◆ EXERCISE AIM: The whole listing needs retyping exactly; keep the pictures out of it.
━━━ DATASET EXCERPT ━━━
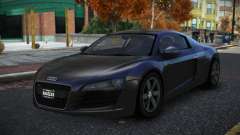 Audi R8 Tapa pour GTA 4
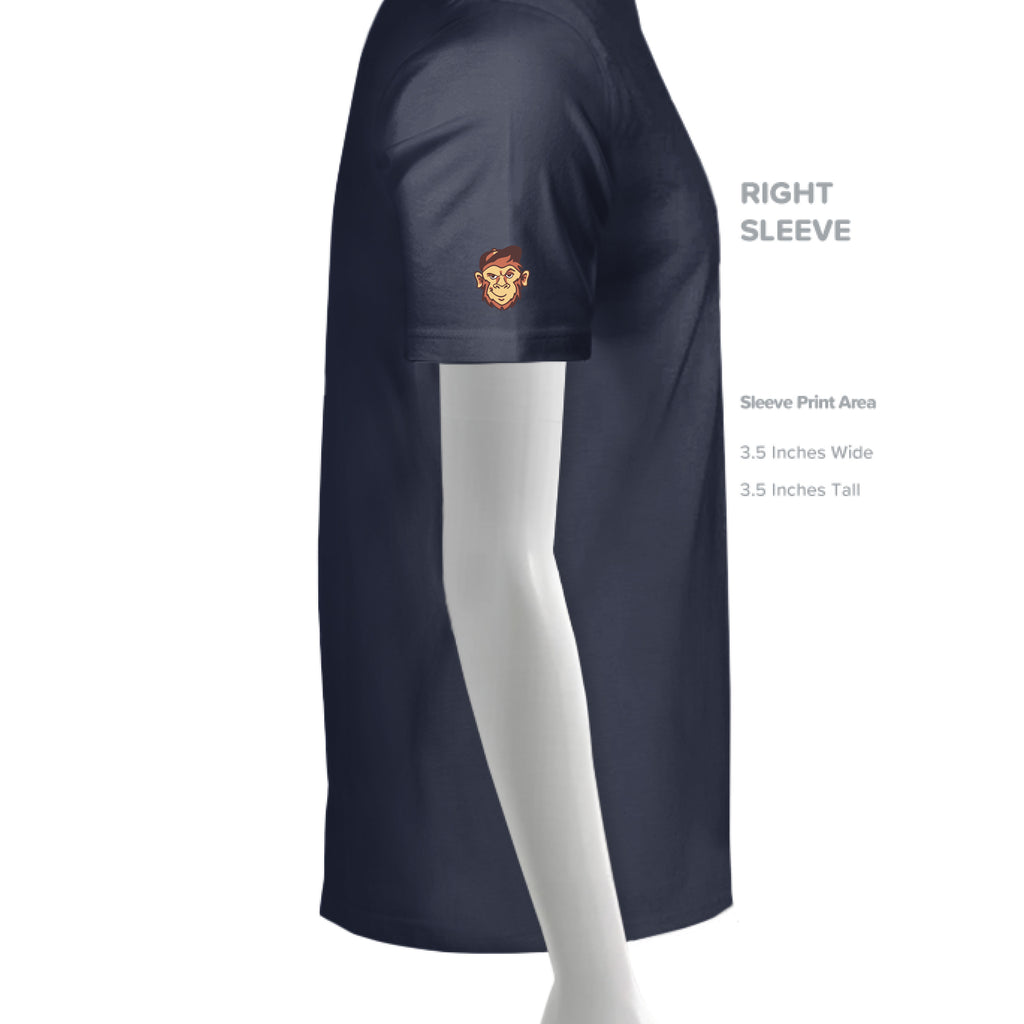 Athletic Navy - SLEEVE_RIGHT
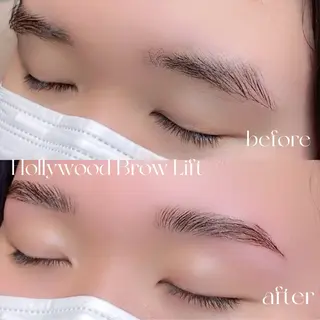 アイブロウ ɴᴇʀᴏʟɪ ♡ ᴀʏᴀᴋᴀの眉毛・アイブロウイメージ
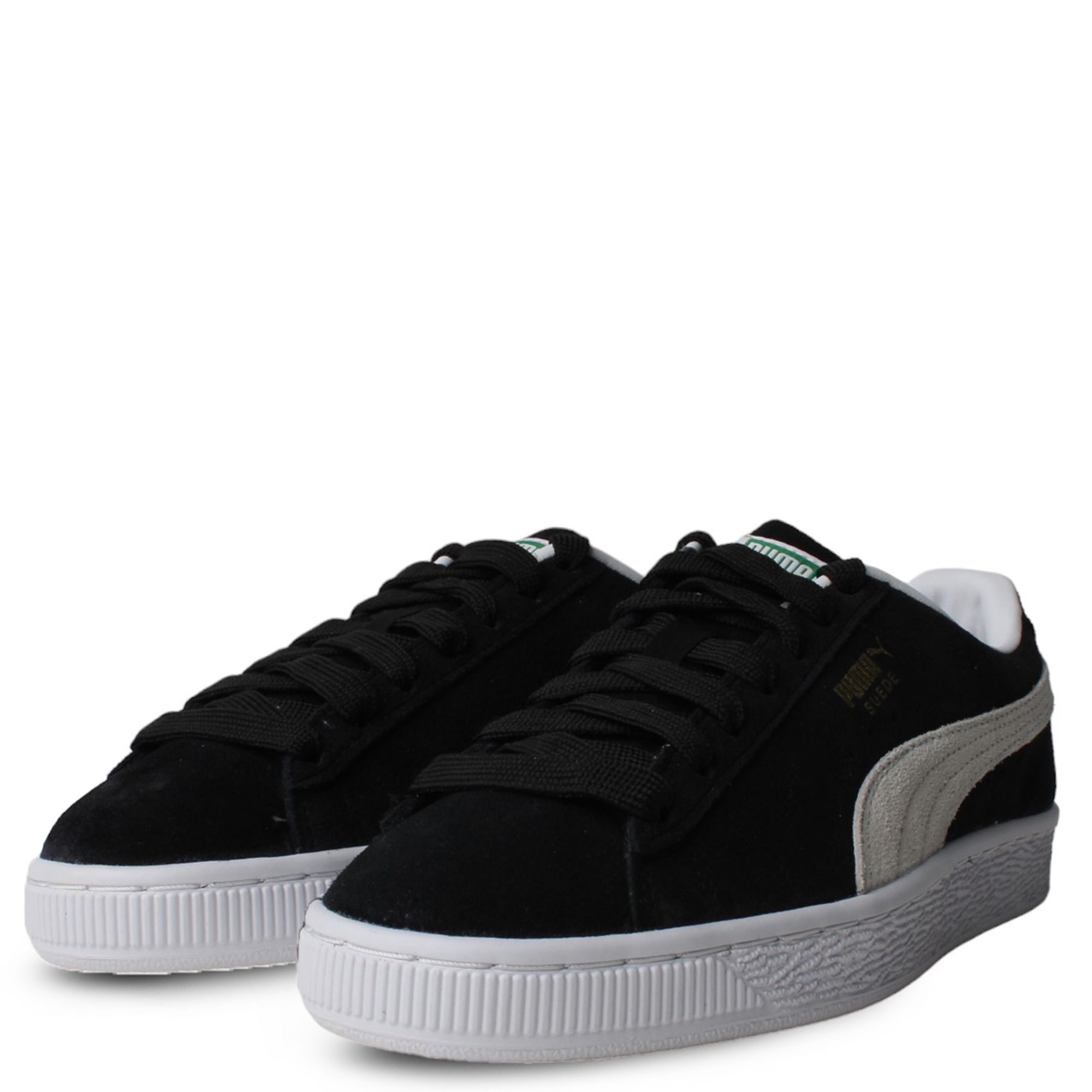 PUMA Grade School Suede Classic XXI JR Sneakers 38056001 Shiekh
━━━
◆ SOLUTION:
 Audi R8 Tapa pour GTA 4
 Athletic Navy - SLEEVE_RIGHT
 アイブロウ ɴᴇʀᴏʟɪ ♡ ᴀʏᴀᴋᴀの眉毛・アイブロウイメージ
 PUMA Grade School Suede Classic XXI JR Sneakers 38056001 Shiekh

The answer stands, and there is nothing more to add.